Dr. Chagla also pointed out inconsistencies with isolation timelines. Someone who tests positive on an antigen test is told to assume they are positive and to isolate for 5 days, however travellers are often waiting more than 5 days just to get the results from their on-arrival PCR tests due to delays.
He also notes that many people continue to test positive for COVID-19 for months after infection, and often have no proof of COVID diagnosis due to lack of PCR testing lab capabilities here in Canada. “They may not be infectious, but if they test positive in destination, that’s a cost, that’s isolation, and all for what?”
“REALISTICALLY, CANADA WILL NOT ELIMINATE COVID-19″
Canada has been dealing with COVID-19 for close to two years now, and “we know this virus now,” said Dr. Mertz. “Restrictions are justified when you’re facing an unknown pathogen, an unknown virus, and that’s the situation we had two years ago, when we were trying to keep this virus away, trying to isolate it in China, which turned out to be futile.”
Travel restrictions at their core are a zero-COVID strategy, “but Canada has not and realistically will not eliminate COVID-19. And Canada and the rest of the world will transition step by step into endemicity.”
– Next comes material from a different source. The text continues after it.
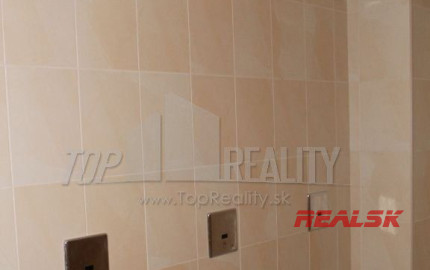 Poschodie 900m2  Zvolenská cesta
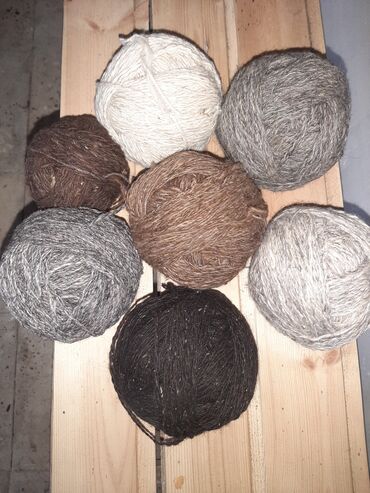 Digər: Yundan hazırlanmış iplər və toxunma əl işləri. Sifariş qəbul olunur — 2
Dr. Mertz also noted that less than 1% of Canada’s cases of COVID-19 have been associated with international travel. “Of course, this would have been higher if there were no restrictions or testing. But when you’re looking at what’s happening around us with community transmission, it’s extremely unlikely that the travellers that come in potentially positive will have any sizeable effect on transmission.”
DEVASTATING IMPACT ON INDUSTRY
TIAC’s Beth Potter ended the conference with a sobering stat from Canadian tourism sector: “Our industry is half of what it was in 2019.”
She added: “It’s going to take a long time for us to rebuild. Our workforce has taken an absolute hit.”
As for March Break travel – as the industry knows but the public and governments may forget – the booking window is now, says Potter.